Crawled caption data
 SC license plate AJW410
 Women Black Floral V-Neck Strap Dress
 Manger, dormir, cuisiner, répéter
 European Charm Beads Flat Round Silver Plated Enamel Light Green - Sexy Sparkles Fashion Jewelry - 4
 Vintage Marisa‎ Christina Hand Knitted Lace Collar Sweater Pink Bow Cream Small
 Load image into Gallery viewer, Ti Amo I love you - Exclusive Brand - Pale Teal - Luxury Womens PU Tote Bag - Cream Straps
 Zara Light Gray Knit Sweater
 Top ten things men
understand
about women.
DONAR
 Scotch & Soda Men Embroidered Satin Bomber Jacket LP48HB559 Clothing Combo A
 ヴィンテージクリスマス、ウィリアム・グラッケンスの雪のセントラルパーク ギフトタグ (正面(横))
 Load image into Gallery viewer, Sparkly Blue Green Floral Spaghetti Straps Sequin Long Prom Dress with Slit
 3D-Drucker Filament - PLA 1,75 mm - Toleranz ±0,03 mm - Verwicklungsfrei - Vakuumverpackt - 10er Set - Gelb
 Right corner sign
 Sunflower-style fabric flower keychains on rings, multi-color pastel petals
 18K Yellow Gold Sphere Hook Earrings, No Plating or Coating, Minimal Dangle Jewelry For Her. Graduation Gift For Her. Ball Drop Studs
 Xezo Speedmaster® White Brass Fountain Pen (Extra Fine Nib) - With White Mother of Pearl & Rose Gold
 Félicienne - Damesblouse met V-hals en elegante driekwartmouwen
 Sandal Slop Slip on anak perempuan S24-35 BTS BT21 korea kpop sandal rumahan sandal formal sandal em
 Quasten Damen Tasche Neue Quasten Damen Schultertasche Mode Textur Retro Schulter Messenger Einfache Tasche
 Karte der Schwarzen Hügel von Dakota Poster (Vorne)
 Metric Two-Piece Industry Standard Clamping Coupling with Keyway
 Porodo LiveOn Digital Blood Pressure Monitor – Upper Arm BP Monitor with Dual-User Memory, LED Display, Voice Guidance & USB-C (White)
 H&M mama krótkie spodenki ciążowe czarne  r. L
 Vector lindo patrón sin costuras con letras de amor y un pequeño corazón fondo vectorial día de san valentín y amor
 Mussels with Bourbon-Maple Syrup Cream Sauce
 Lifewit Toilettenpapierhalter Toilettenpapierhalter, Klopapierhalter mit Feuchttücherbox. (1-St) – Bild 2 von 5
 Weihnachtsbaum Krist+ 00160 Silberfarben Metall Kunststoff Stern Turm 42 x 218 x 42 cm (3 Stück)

Action item: From the opening line of the data above through the line holding "European Charm Beads", give every line again exactly as it stands.

Solved exercise:
 SC license plate AJW410
 Women Black Floral V-Neck Strap Dress
 Manger, dormir, cuisiner, répéter
 European Charm Beads Flat Round Silver Plated Enamel Light Green - Sexy Sparkles Fashion Jewelry - 4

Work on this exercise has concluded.